**PROBLEM DETAILS**
Begin at the line bearing "STRIPED FOLDING LOUNGE CHAIR". Transcribe it and all subsequent lines of the material below exactly, and nothing more.

**EXCERPTED RECORDS**
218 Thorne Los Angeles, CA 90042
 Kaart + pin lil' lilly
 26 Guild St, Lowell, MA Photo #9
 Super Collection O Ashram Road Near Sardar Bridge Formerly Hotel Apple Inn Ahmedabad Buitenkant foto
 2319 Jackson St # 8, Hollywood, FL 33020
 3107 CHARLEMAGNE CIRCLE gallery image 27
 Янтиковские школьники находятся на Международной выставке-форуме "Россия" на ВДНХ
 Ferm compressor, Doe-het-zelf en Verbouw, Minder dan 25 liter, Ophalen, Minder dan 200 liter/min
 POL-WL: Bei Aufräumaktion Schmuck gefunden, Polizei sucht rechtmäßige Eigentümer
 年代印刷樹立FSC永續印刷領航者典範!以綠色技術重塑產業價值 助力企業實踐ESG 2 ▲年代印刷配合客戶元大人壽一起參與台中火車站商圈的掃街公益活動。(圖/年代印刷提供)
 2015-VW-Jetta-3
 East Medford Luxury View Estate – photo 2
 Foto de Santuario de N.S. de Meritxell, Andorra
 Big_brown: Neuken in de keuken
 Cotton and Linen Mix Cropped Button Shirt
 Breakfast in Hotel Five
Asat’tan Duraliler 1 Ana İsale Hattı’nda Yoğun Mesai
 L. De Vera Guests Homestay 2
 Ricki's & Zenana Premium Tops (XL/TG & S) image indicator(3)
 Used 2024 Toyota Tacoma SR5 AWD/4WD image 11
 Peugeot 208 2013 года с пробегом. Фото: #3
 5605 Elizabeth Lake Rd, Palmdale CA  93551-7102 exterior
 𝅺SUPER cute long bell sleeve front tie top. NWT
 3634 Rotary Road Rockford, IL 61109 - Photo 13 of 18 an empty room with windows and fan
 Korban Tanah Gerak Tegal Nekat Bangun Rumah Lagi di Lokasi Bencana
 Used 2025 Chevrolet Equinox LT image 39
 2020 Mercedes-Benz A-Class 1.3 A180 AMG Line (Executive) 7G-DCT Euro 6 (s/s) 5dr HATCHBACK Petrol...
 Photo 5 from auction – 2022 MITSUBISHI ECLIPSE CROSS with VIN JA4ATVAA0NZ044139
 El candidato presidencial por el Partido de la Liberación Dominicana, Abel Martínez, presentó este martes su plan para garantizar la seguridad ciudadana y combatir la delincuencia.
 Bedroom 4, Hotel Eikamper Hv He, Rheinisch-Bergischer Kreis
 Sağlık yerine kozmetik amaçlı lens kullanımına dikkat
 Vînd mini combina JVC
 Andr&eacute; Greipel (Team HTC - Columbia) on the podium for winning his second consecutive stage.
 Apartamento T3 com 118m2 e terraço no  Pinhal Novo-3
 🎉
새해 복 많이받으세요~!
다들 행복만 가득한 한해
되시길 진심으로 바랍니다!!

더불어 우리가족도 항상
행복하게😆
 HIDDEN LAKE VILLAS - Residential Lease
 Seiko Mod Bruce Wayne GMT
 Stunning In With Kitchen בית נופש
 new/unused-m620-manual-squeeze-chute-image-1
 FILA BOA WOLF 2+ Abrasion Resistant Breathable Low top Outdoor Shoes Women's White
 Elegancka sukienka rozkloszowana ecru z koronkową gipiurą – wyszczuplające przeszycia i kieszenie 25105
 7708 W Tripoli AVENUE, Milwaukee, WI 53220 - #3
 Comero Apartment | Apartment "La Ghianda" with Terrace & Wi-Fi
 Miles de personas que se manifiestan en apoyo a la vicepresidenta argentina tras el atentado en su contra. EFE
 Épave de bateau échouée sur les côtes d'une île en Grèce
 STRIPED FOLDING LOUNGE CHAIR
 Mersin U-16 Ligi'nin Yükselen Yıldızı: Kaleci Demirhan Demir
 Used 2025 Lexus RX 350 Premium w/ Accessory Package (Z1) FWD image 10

**ANSWER TO THIS EXERCISE**
 STRIPED FOLDING LOUNGE CHAIR
 Mersin U-16 Ligi'nin Yükselen Yıldızı: Kaleci Demirhan Demir
 Used 2025 Lexus RX 350 Premium w/ Accessory Package (Z1) FWD image 10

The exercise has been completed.